* _Work item_
Take the entries that follow and return only the lines from the one with "Visée IM pour" through the final line, leaving every picture behind.

* _Exercise material_
——
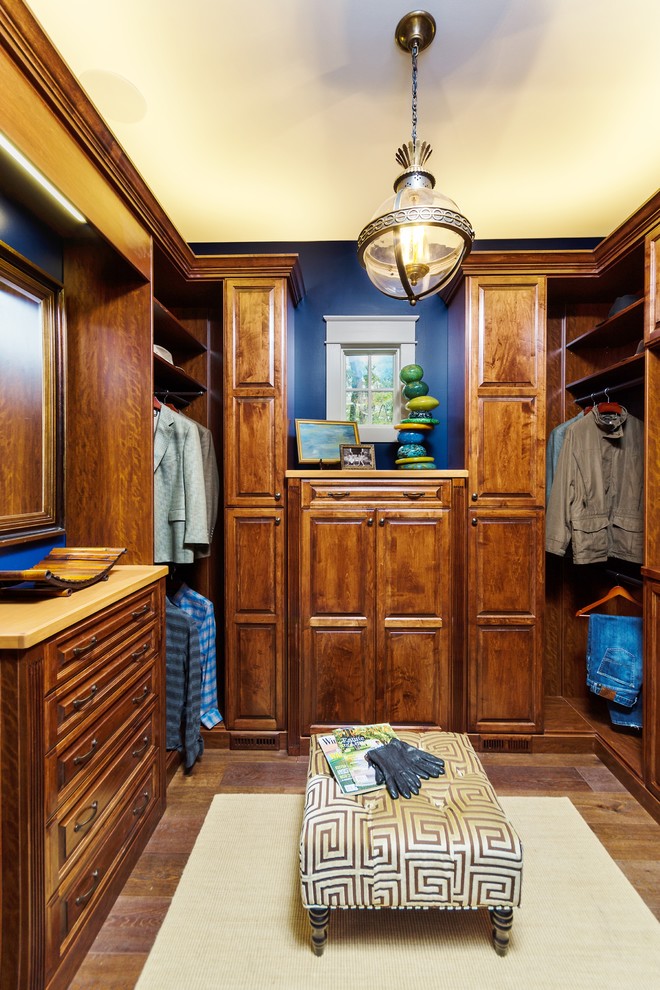 Imagen de armario vestidor de hombre clásico de tamaño medio con armarios con paneles con relieve, puertas de armario de madera oscura y suelo de madera oscura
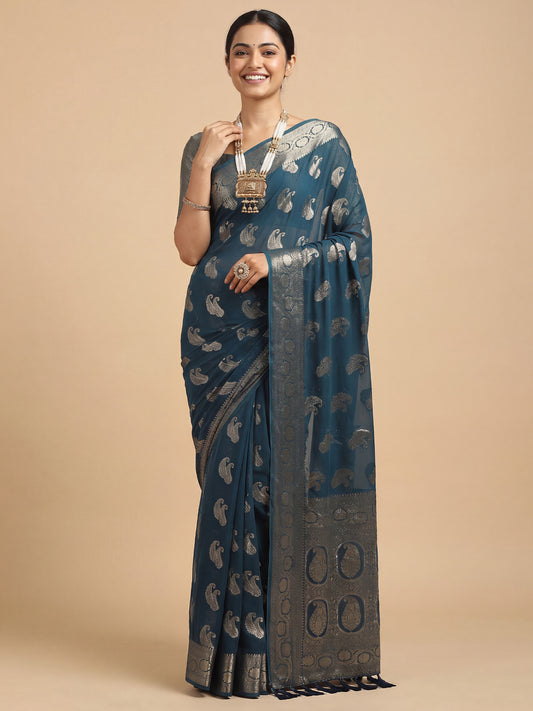 Woman wearing teal blue georgette saree with zari butta (metallic motif) work and teal blue blouse
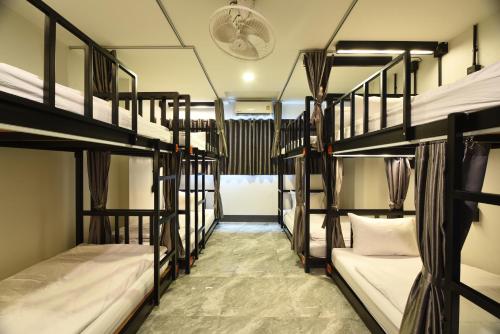 a dorm room with four bunk beds in it at KOKO Party Hostel in Ao Nang Beach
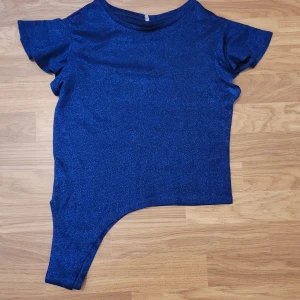Blå glittrig tröja - Säljer en blå glittrig tröja med korta ärmar och rund halsringning. Tyget har en skimrande finish som gör den perfekt för att sticka ut. Asymmetrisk nederdel som ger en unik look.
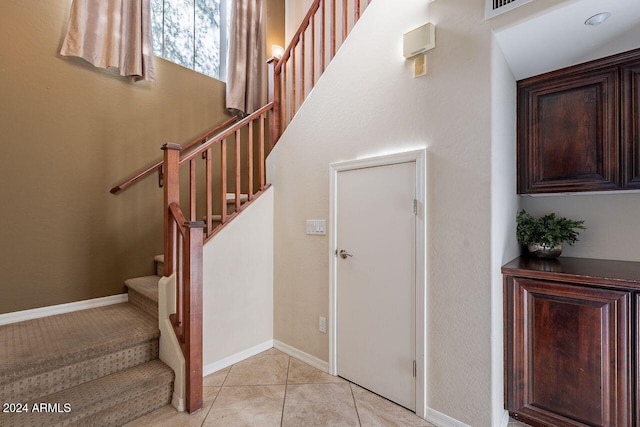 staircase with tile patterned floors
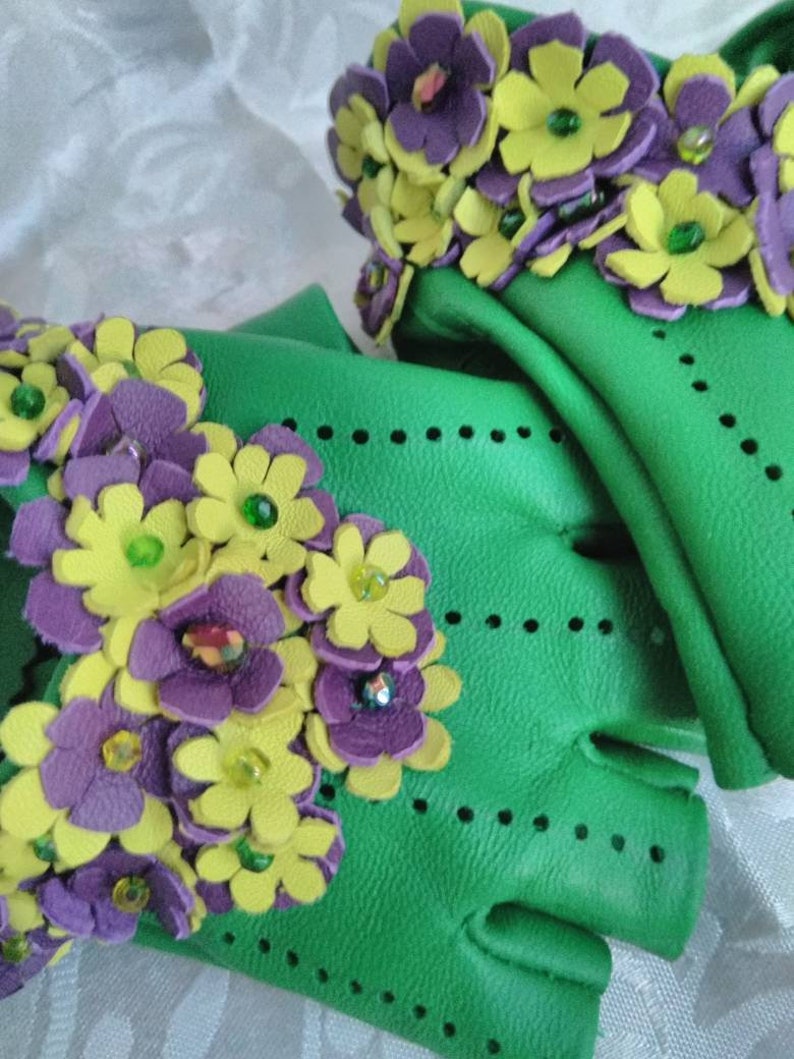 May include: Green leather fingerless gloves with purple and yellow flower embellishments. The flowers are made of leather and have green beads in the center.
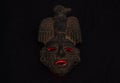An ancient ceramic pre columbus mask based in American indigenous tribes art iluminated by red light inside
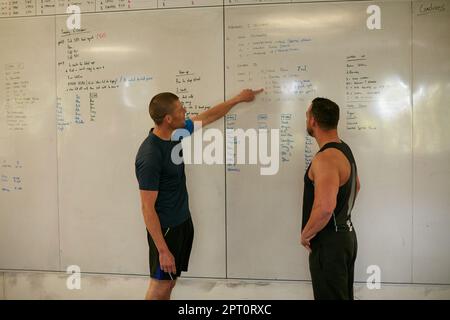 Visée IM pour le point numéro 1. deux jeunes hommes regardant un tableau blanc en se tenant dans la salle de sport Banque D'Images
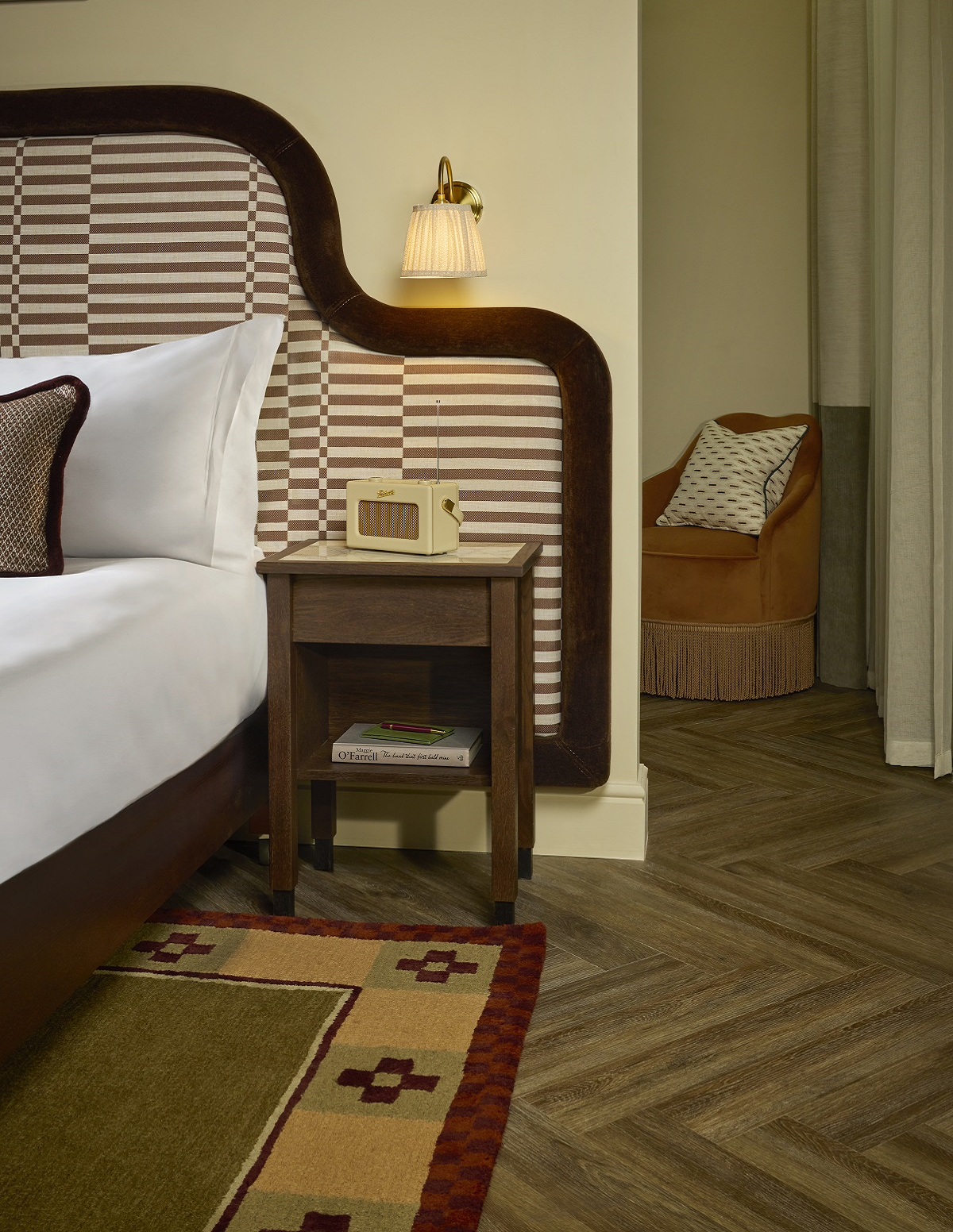 bedhead detail in the Hoxton Dublin with rug under the bed by Pelican House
——
* _Result of this exercise_
 Visée IM pour le point numéro 1. deux jeunes hommes regardant un tableau blanc en se tenant dans la salle de sport Banque D'Images
 bedhead detail in the Hoxton Dublin with rug under the bed by Pelican House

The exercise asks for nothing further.